Ulster Bank returns to profit as exit plans advance
Ulster Bank recorded an operating profit of 13 million euros in the Republic in the first quarter of the year by freeing up money that was previously set aside to cover bad debts, while its parent company Briton said she plans to shut down the unit over the next few years remain “on track”.
The Dublin-based lender’s loan portfolio fell from € 200m to € 19.8bn in the first three months of the year as loan repayments exceeded new loans, while deposits fell from 100 million euros to 21.7 billion euros, as a result of reduced balances.
The numbers were included in the first quarter earnings report of NatWest Group, the parent company of Ulster Bank.
Operating profit compared to a loss of 25 million euros for the first quarter of last year, when Ulster Bank took an initial charge of 32 million euros to cover an expected increase in losses on bad loans as a result of the Covid-19 crisis.

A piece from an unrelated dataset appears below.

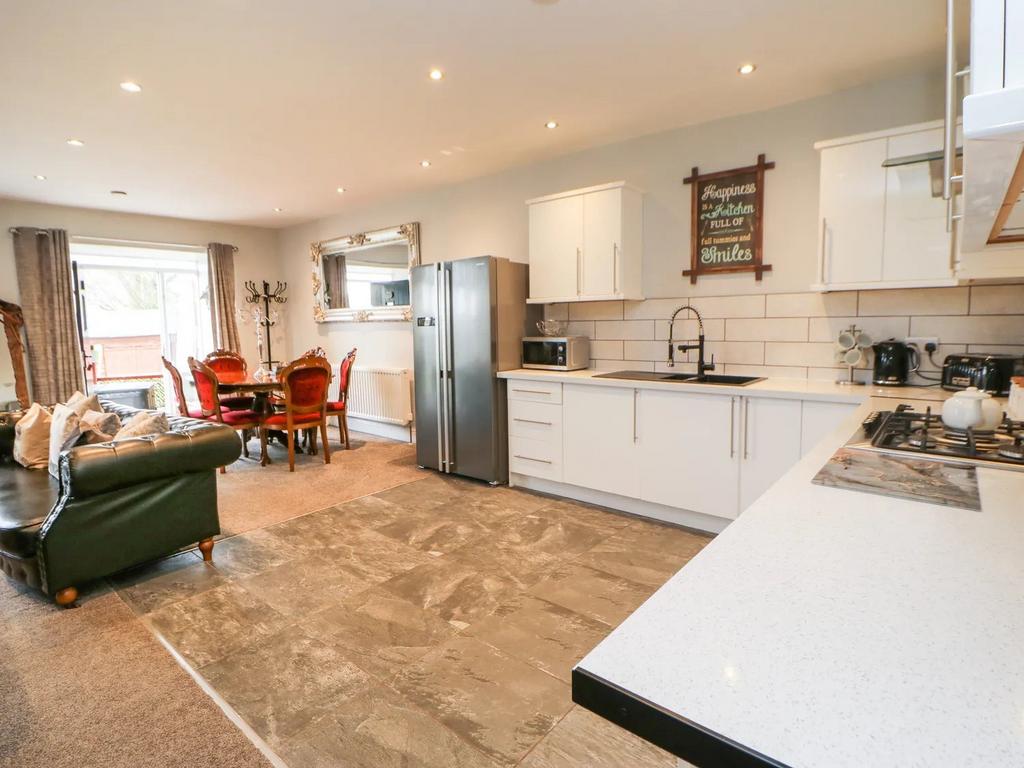 Lounge/Kitchen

In total, provisions for loan losses amounted to 281 million euros last year, net of 3 million euros of these reserves having been released in the last quarter of 2020.
The bank took back another 14 million euros of these provisions in the first three months of this year, citing “improvements in the mortgage portfolio”.
The publications “clearly show a stabilization” of the macroeconomic environment, said Eamonn Hughes, analyst at Goodbody Stockbrokers.
The level of distress on Irish mortgage portfolios has so far been far lower than feared at the start of the pandemic, with home loan portfolios helped by the fact that many lower paid workers most affected by closures in certain sectors of the economy – including leisure and non-essential retail – are less likely to have mortgages. Government aid for wages and Covid-19 unemployment benefits also helped.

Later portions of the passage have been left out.